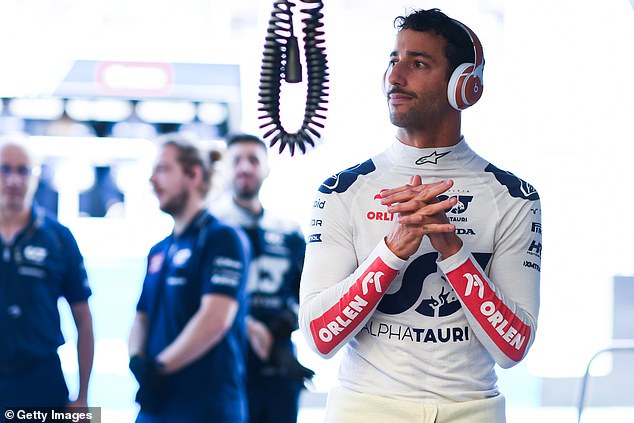 Nachdem Ricciardo die F1-Saison als Ersatzfahrer begonnen hat, belegt er nun den 17. Platz in der Gesamtwertung und vertritt AlphaTauri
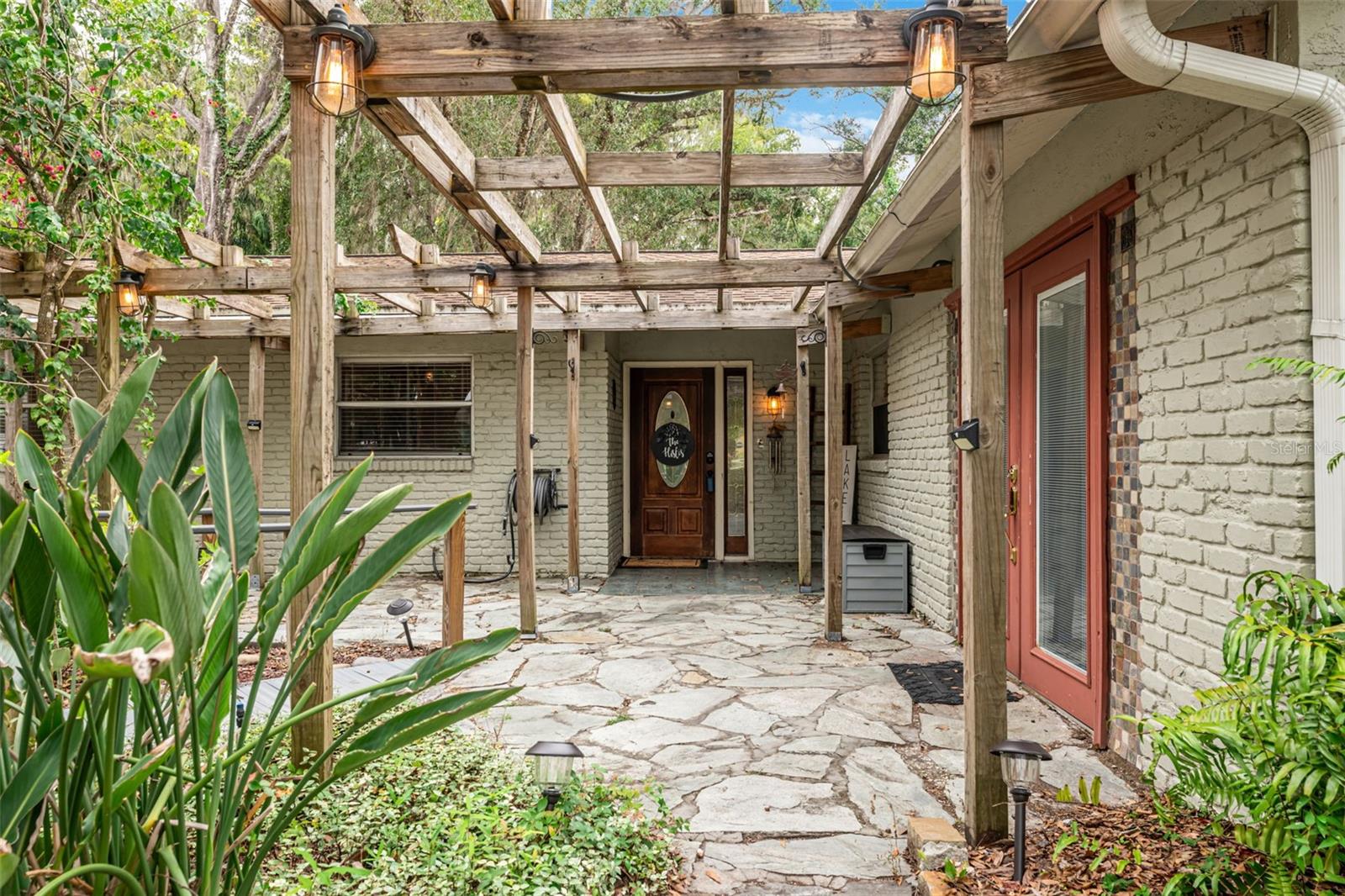 CONNERS LAKEFRONT ESTATE - Residential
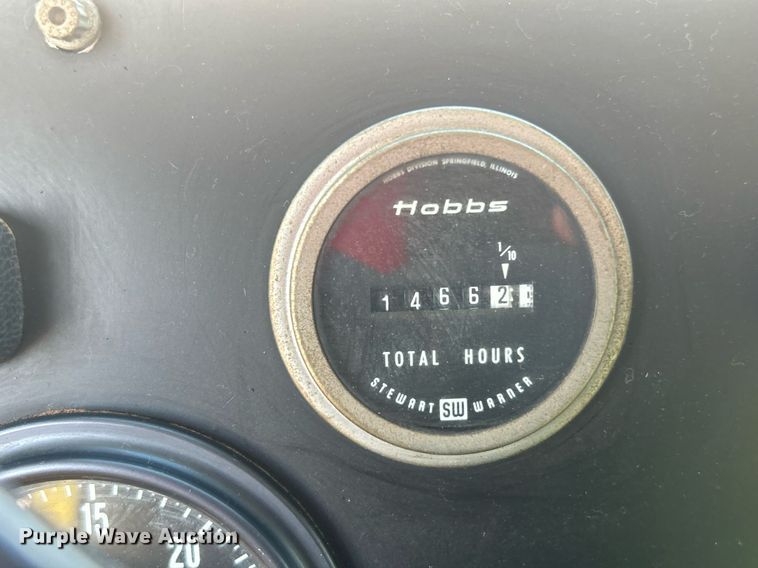 image for item DN0518 1989 Amertek Inc. 2500L hydroseeder truck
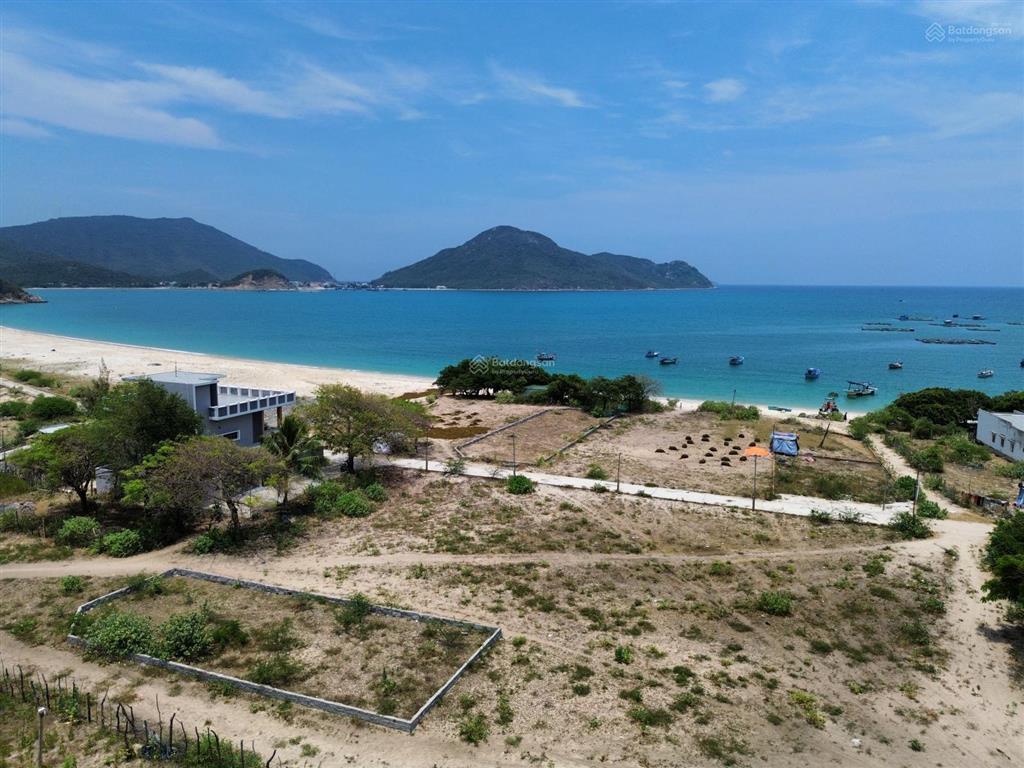 Đất thổ cư sát vịnh biển ninh vân siêu đẹp ngay cạnh biệt thự hiện hữu giá đầu tư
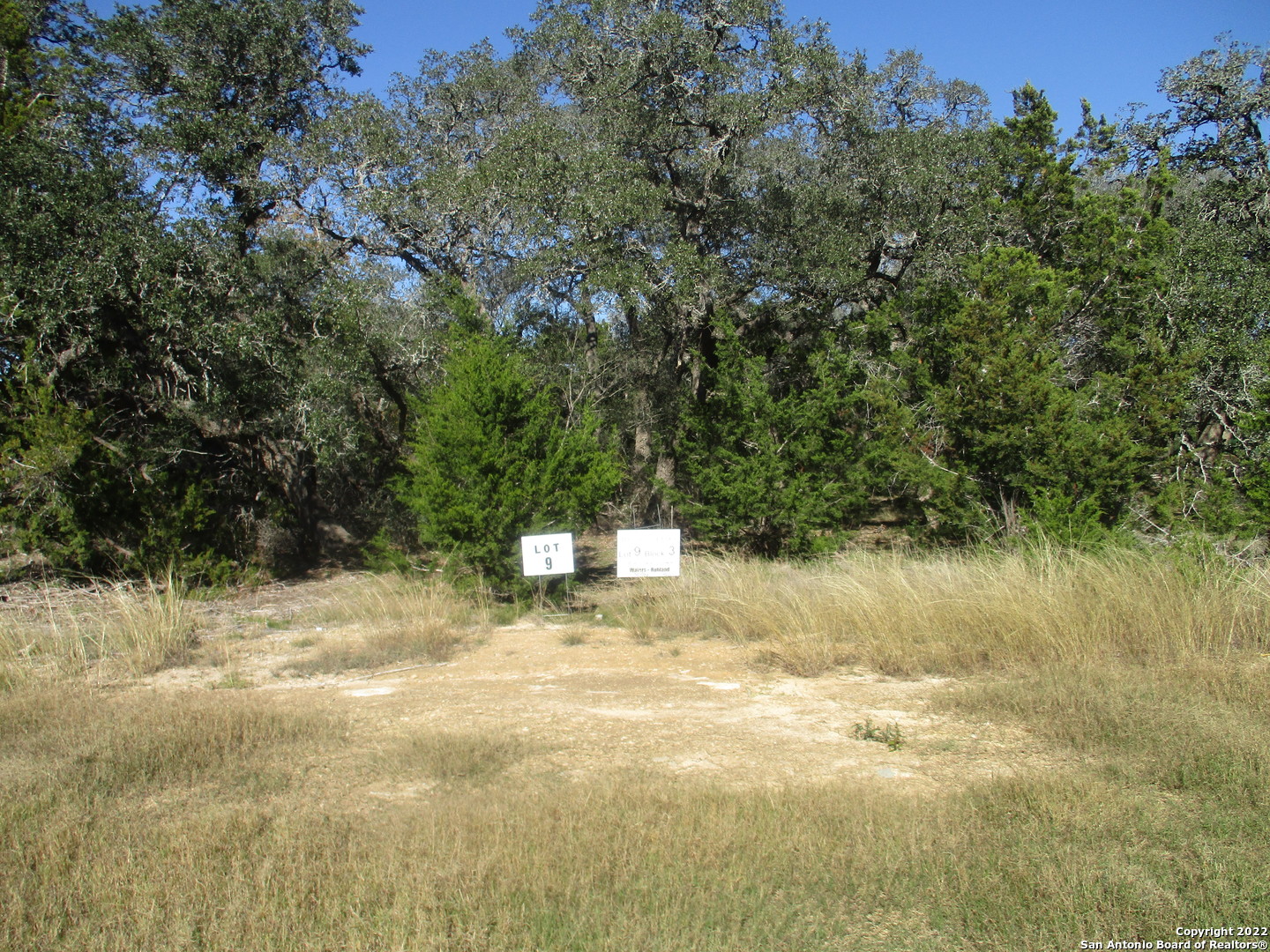 Photo of 854 Maximino Ridge Rd in Bulverde, TX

_Task brief_. Give back every line of the material exactly as written, but not the pictures.

_Solution to the problem_.
 Nachdem Ricciardo die F1-Saison als Ersatzfahrer begonnen hat, belegt er nun den 17. Platz in der Gesamtwertung und vertritt AlphaTauri
 CONNERS LAKEFRONT ESTATE - Residential
 image for item DN0518 1989 Amertek Inc. 2500L hydroseeder truck
 Đất thổ cư sát vịnh biển ninh vân siêu đẹp ngay cạnh biệt thự hiện hữu giá đầu tư
 Photo of 854 Maximino Ridge Rd in Bulverde, TX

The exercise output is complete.